2) End of the data stream causes the end of the element that is on the 
top of the stack.
3) Element start causes the end of the element that is on the top of 
the stack.
4) Element start causes another element start before itself.

Is this list complete?

I am assuming that for *conforming* documents, the above-mentioned 
inference decisions can be taken by observing the top of the stack and 
the element name associated with the current end or start element 
event. Correct? (I am assuming the rules may be applied repeatedly. Ie. 
null on stack and start 'title' implies 'html' start. 'html' on stack 
and start 'title' implies 'head' start. 'head' on stack and start 
'title' implies nothing and the start 'title' goes through.)

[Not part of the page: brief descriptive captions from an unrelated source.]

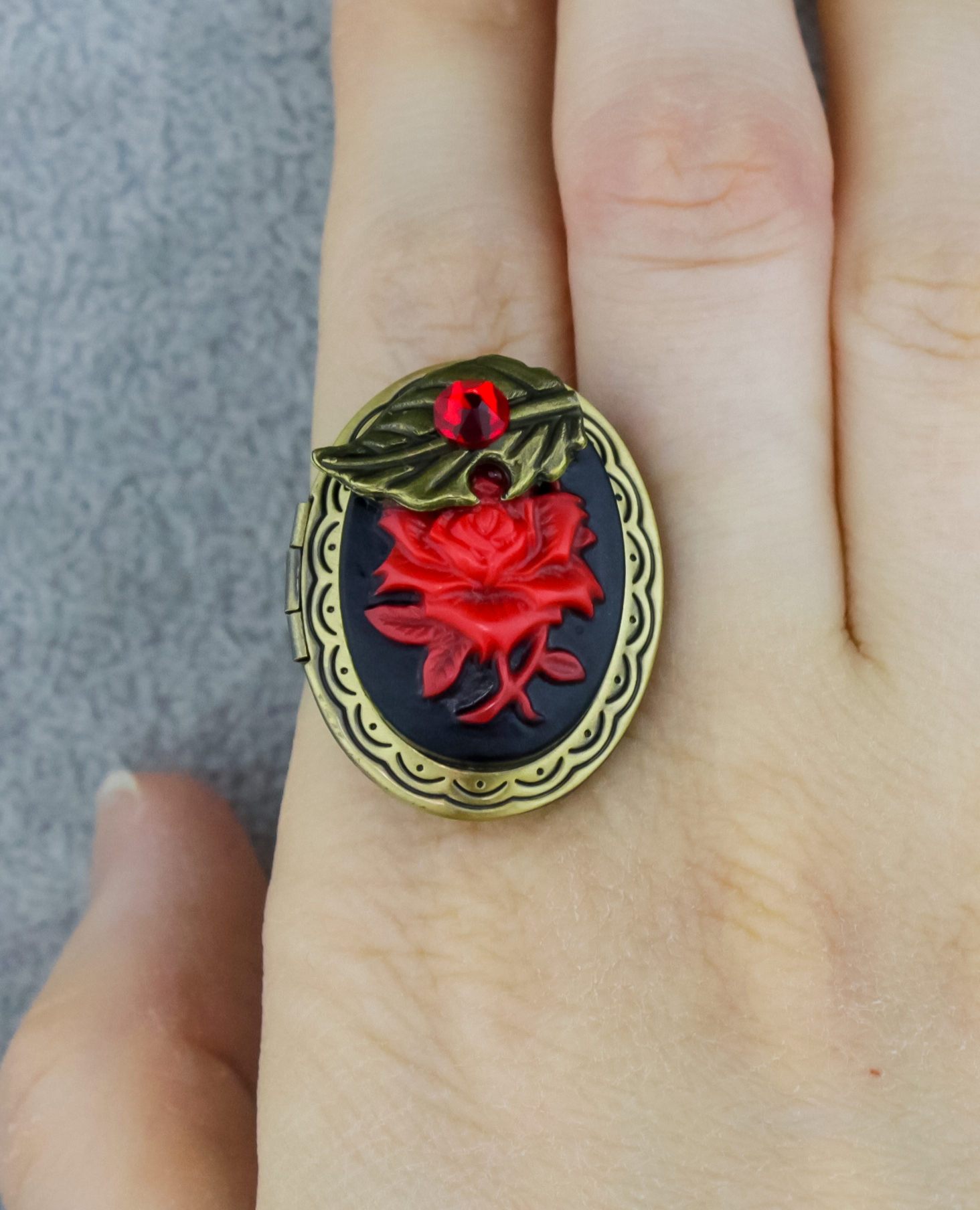 Винтажное кольцо-медальон Дикая Роза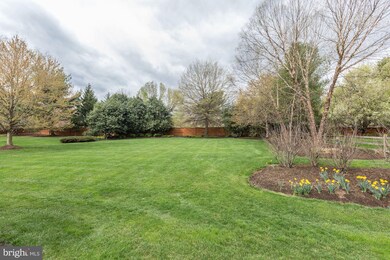 1316 Dasher Ln, Reston, VA 20190 - photo 2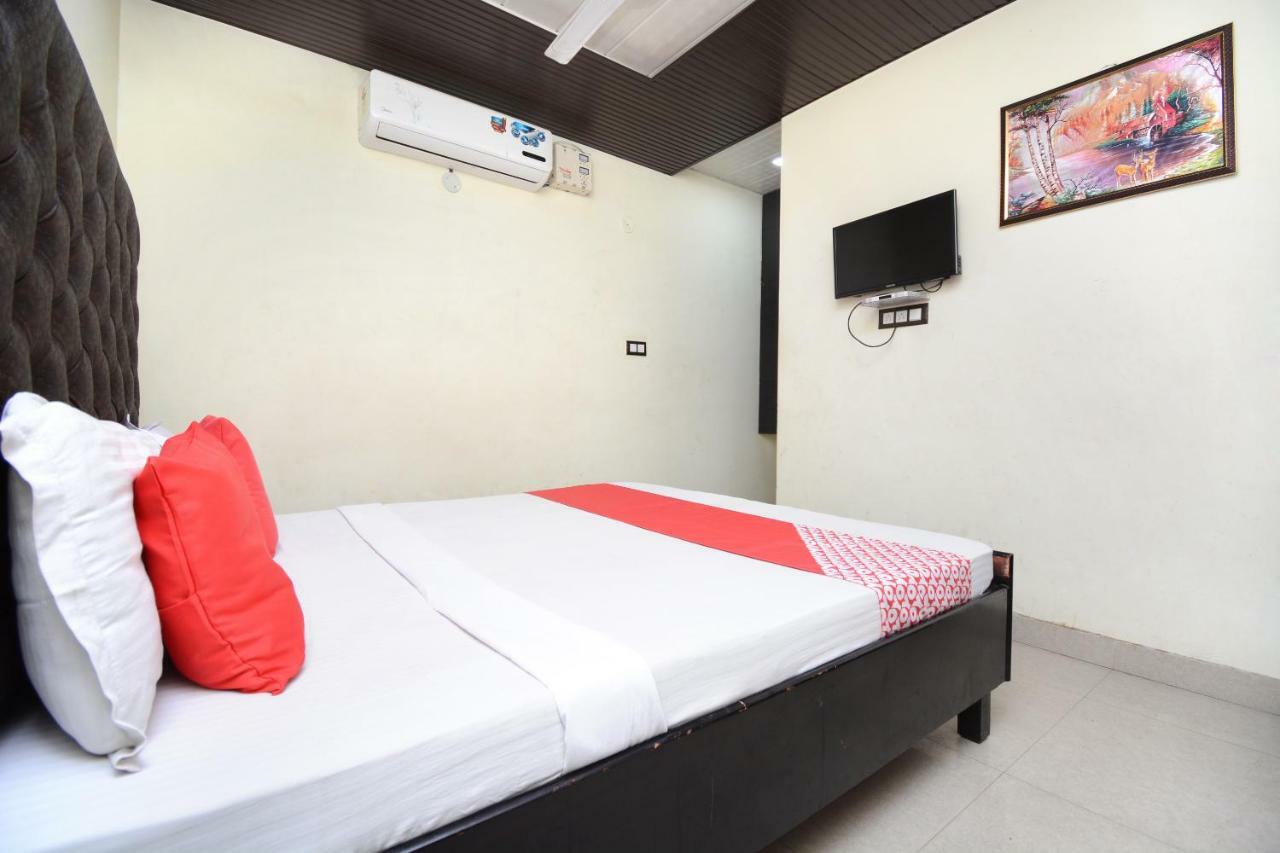 Oyo 29409 Hotel Best Sleep Inn 贾朗达尔 外观 照片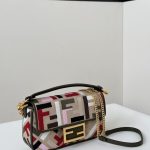 fendi-baguette-small-beige-gallery-2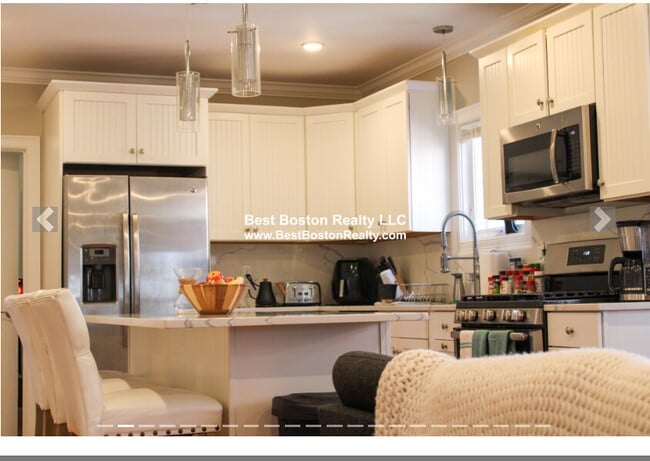 Building Photo - 118 Holland St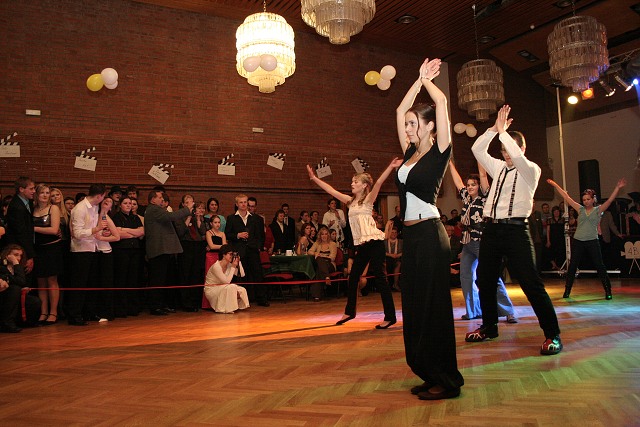Maturitni ples 4B. Gymnazia Vimperk 22.2.2008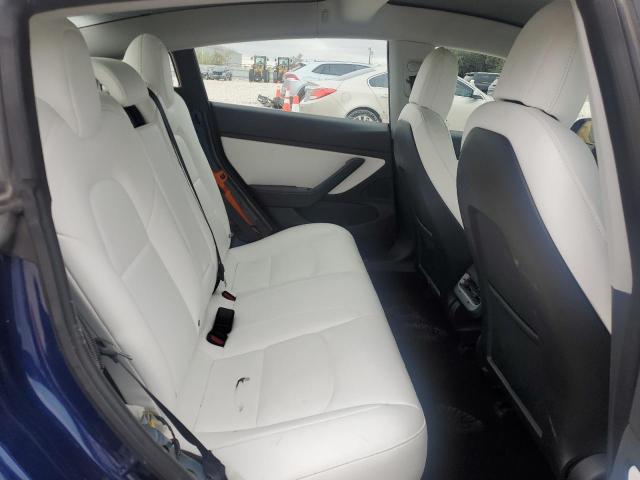 Photo 10 from auction – 2018 TESLA MODEL 3 with VIN 5YJ3E1EB5JF081045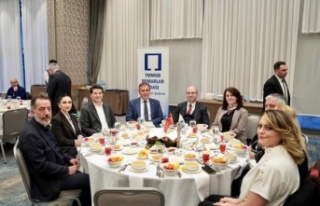 Mimarlar iftar yemeğinde buluştular.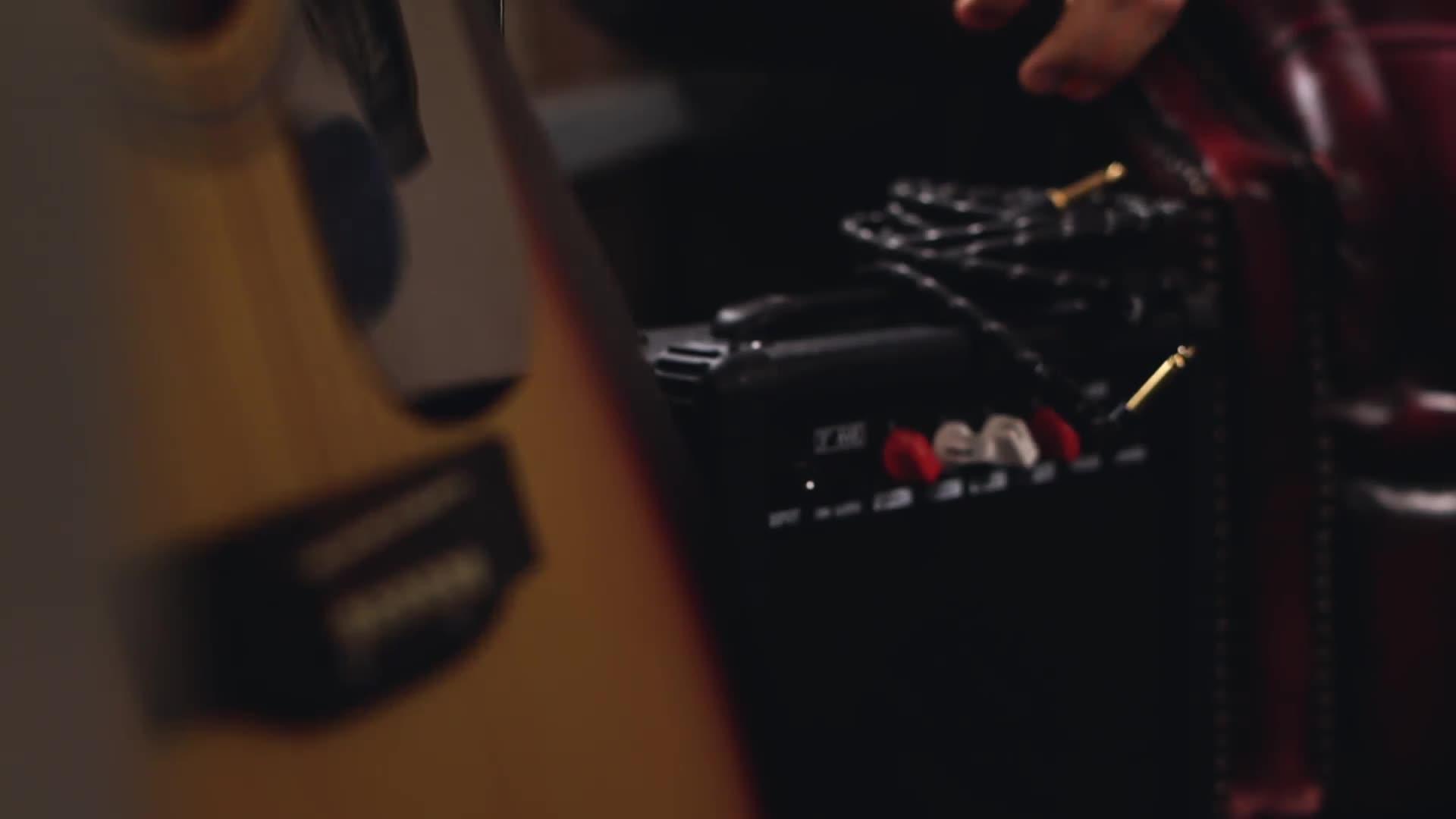 Image thumbnail 7 of 7 of undefined MX Cutaway Electro Acoustic Guitar Pack - Sunburst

It seems to me that #3 is the tricky case in terms of interaction with 
unknown element names. #1 and #2 require a list of elements whose end 
tag is optional. #4 requires a map of top of stack plus current start 
pairs to inferred start tags.

* I am assuming an implementation maintains a stack of open elements or 
works directly on a parser tree in which case the path from the current 
node to the root has the right same role as the stack.

-- 
Henri Sivonen
hsivonen at iki.fi
http://hsivonen.iki.fi/